§ Directions: Among the entries below, one stretch runs from the line that contains "ROCKY FLORAL TAN" through the line that contains "Rose gold strand bracelet on sale". Repeat that stretch exactly, ends included, and only that.

Records from a data source

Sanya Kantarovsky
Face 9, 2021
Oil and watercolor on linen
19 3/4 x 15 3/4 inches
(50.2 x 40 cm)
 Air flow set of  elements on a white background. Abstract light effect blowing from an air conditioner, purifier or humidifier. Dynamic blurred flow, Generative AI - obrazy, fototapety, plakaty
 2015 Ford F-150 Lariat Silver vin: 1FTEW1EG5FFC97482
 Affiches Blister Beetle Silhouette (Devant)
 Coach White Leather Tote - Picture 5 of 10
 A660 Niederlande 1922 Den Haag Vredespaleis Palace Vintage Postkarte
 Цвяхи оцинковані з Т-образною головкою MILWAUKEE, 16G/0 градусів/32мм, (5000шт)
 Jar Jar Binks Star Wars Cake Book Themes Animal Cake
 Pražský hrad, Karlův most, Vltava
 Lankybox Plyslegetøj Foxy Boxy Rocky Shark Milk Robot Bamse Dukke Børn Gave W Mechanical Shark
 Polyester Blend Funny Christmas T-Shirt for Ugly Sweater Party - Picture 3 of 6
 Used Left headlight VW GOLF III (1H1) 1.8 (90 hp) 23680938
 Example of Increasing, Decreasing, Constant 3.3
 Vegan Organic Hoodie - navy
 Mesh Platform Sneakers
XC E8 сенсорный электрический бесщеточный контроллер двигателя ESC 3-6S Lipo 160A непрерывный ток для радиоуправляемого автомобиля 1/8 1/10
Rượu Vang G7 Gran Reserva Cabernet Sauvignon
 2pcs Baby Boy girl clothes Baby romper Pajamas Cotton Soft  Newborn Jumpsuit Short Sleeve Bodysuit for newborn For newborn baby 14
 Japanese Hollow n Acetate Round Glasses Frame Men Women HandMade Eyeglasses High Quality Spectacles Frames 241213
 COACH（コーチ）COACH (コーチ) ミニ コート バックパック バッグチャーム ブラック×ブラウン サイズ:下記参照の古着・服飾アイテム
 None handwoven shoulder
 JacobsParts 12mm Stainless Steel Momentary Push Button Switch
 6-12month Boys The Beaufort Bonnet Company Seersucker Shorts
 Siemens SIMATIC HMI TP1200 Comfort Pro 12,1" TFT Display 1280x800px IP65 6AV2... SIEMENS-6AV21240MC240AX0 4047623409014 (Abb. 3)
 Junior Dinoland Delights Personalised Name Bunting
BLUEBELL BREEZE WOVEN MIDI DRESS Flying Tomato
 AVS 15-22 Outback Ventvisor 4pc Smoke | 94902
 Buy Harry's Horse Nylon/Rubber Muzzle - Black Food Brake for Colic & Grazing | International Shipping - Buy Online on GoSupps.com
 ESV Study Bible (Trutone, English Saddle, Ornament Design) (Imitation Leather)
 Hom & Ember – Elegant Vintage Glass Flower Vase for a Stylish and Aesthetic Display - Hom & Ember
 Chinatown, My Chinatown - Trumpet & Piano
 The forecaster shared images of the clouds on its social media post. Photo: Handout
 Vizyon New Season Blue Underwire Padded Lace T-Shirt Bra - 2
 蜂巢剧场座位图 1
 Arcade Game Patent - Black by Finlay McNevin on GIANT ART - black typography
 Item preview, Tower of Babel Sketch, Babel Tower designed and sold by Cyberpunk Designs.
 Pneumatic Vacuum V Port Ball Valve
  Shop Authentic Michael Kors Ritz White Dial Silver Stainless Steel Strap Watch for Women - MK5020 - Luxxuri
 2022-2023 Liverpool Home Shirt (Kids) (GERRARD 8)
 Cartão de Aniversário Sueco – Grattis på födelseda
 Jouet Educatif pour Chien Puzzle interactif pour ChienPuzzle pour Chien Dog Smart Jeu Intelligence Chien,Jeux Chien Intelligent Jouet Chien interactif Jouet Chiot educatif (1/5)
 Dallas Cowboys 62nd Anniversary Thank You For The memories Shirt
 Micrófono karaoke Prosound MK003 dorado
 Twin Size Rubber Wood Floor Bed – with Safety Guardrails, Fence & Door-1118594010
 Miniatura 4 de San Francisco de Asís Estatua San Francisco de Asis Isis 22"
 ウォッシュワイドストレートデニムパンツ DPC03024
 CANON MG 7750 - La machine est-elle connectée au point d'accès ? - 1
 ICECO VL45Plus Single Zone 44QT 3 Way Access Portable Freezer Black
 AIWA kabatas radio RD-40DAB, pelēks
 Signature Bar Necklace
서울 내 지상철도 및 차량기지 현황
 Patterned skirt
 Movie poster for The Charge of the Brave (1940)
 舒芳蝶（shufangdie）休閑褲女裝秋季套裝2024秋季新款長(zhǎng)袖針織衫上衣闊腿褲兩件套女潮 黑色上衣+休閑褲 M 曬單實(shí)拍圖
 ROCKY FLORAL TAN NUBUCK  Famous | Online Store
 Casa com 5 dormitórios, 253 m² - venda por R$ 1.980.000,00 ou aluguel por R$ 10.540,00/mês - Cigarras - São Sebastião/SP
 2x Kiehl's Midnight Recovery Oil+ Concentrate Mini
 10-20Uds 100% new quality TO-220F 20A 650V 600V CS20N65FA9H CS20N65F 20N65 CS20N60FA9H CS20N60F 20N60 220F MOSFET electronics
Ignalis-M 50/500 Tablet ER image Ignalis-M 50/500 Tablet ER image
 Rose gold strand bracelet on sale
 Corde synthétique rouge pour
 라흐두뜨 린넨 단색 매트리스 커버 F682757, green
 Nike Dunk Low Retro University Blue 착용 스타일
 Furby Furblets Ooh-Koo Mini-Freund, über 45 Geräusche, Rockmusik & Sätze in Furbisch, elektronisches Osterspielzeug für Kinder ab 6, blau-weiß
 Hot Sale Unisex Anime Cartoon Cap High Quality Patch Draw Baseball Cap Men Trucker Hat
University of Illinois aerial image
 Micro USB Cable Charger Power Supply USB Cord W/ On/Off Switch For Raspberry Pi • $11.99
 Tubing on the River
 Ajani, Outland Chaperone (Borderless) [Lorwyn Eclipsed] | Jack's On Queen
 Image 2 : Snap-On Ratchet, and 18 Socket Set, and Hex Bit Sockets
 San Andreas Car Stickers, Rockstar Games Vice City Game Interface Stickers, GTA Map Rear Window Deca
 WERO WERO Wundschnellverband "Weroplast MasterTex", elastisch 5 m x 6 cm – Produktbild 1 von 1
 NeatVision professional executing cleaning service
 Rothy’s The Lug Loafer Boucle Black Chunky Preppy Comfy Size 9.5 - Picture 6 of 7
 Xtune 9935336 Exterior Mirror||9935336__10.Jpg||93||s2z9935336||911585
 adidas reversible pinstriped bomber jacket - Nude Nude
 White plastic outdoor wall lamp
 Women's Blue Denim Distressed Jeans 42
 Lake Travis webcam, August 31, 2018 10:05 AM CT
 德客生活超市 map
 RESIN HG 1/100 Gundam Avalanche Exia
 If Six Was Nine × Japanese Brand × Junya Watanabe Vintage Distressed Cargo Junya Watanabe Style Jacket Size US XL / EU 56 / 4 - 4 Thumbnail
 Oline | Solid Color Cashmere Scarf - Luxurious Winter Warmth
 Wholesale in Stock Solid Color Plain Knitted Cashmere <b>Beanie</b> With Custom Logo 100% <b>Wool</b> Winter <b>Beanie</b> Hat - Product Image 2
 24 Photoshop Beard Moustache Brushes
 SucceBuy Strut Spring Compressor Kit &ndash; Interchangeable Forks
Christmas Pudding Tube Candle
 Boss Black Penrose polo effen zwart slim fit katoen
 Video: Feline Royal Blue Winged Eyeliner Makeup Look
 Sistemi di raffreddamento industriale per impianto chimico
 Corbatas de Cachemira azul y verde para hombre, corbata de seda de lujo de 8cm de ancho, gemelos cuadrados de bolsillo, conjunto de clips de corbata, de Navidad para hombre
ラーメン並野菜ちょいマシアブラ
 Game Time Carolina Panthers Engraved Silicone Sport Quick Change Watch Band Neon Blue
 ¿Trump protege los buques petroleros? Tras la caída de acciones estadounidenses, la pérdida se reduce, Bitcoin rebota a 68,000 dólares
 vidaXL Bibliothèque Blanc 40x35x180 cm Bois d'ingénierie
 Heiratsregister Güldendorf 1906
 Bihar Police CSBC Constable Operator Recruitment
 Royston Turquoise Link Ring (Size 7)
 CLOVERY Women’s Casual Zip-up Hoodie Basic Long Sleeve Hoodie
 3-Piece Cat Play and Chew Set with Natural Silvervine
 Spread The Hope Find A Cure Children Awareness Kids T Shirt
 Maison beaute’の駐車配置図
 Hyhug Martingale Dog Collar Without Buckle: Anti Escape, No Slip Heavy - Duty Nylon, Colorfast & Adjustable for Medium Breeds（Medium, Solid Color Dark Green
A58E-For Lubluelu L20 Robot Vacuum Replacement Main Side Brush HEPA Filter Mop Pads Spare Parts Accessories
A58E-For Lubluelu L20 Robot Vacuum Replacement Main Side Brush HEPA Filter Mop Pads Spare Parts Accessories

§ Written answer:
 ROCKY FLORAL TAN NUBUCK  Famous | Online Store
 Casa com 5 dormitórios, 253 m² - venda por R$ 1.980.000,00 ou aluguel por R$ 10.540,00/mês - Cigarras - São Sebastião/SP
 2x Kiehl's Midnight Recovery Oil+ Concentrate Mini
 10-20Uds 100% new quality TO-220F 20A 650V 600V CS20N65FA9H CS20N65F 20N65 CS20N60FA9H CS20N60F 20N60 220F MOSFET electronics
Ignalis-M 50/500 Tablet ER image Ignalis-M 50/500 Tablet ER image
 Rose gold strand bracelet on sale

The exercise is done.